Football féminin : À Guingamp, le grand bond en avant ?

Le championnat de D1 Féminines s’est achevé samedi rendant ainsi son verdict pour la section féminine de l’En Avant Guingamp. Septièmes sur douze au classement, l’EAG a vécu une saison moins agitée que la précédente. Rappelez-vous, il y a maintenant plus d’un an, les joueuses de Guingamp exerçaient leur droit de grève. Elles reprochaient alors leurs mauvaises conditions de travail. Après un changement d’entraîneure et le départ de plusieurs joueuses, l’heure est au bilan.

« C’était un cri du coeur, un ras-le-bol. » Entre déplacement en bus, panier-repas à leur charge et vestiaires insalubres, la liste des reproches des joueuses de l’En Avant Guingamp (EAG) était longue et chargée. Des conditions de travail précaires que les footballeuses de D1 ont dénoncé lors d’une grève le 8 février 2018. Un jeudi pas tout à fait comme les autres puisque Corinne Diacre, sélectionneure de l’Équipe de France de football féminine, se rend en Bretagne pour assister à l’entraînement de l’EAG. Problème, les joueuses et le staff font grève.

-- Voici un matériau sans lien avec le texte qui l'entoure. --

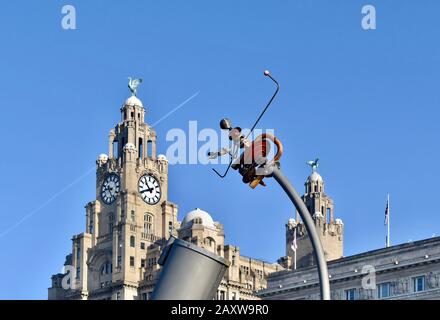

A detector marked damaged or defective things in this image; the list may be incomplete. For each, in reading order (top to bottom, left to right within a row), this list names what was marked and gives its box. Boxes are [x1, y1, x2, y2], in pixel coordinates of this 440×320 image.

bent lamp post [151, 236, 230, 298]
bent lamp post [209, 70, 330, 300]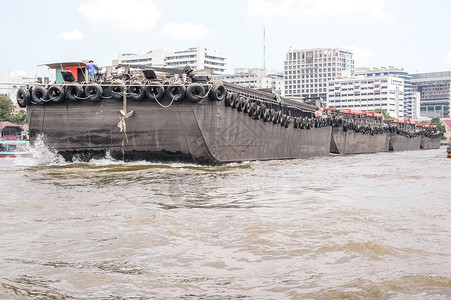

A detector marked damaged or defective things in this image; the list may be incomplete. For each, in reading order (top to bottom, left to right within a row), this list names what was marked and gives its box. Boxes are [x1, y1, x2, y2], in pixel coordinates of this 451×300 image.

rusty metal hull [28, 98, 332, 164]
rusty metal hull [330, 127, 390, 155]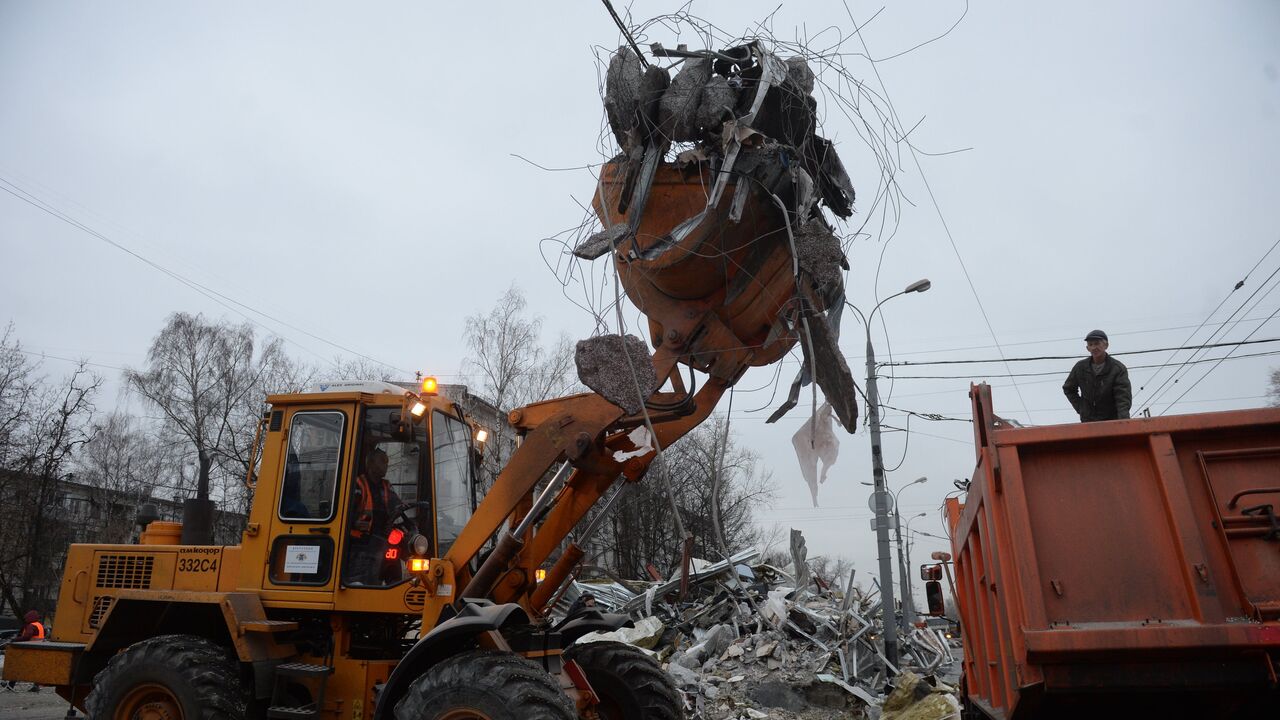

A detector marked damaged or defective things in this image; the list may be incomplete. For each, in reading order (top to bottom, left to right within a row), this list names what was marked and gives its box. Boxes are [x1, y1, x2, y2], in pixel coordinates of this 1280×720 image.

broken concrete chunk [660, 57, 712, 142]
broken concrete chunk [576, 225, 632, 262]
broken concrete chunk [580, 334, 660, 416]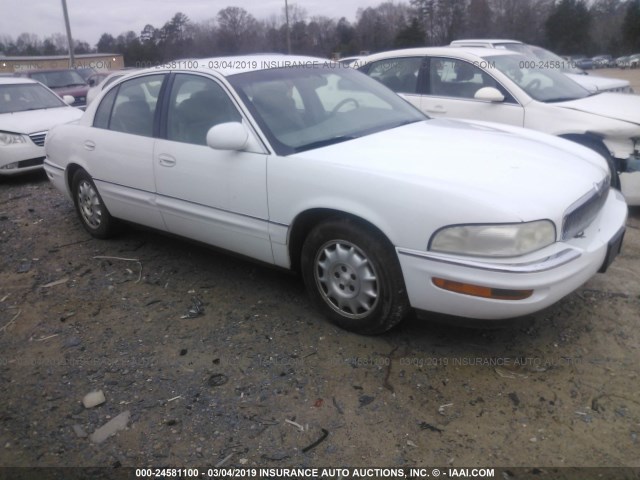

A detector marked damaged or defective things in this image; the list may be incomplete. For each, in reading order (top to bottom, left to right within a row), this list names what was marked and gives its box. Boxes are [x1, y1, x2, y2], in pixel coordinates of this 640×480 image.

damaged car in background [43, 55, 624, 334]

Motif invoqué ? Un désaccord sur les primes de Coupe de France. Or, le mal serait plus profond. Le groupe reproche au club de mauvaises conditions de travail qui se caractériseraient par un manque de moyen et d’écoute. Le président Bertrand Desplat décide alors de suspendre le groupe pour les 8èmes de finale de Coupe de France du 11 février face à Brest (défaite 3-0 des U19). Une sanction qu’il lève dès le lundi 12 février. Le lendemain, la direction du club reçoit chaque joueuse pour échanger.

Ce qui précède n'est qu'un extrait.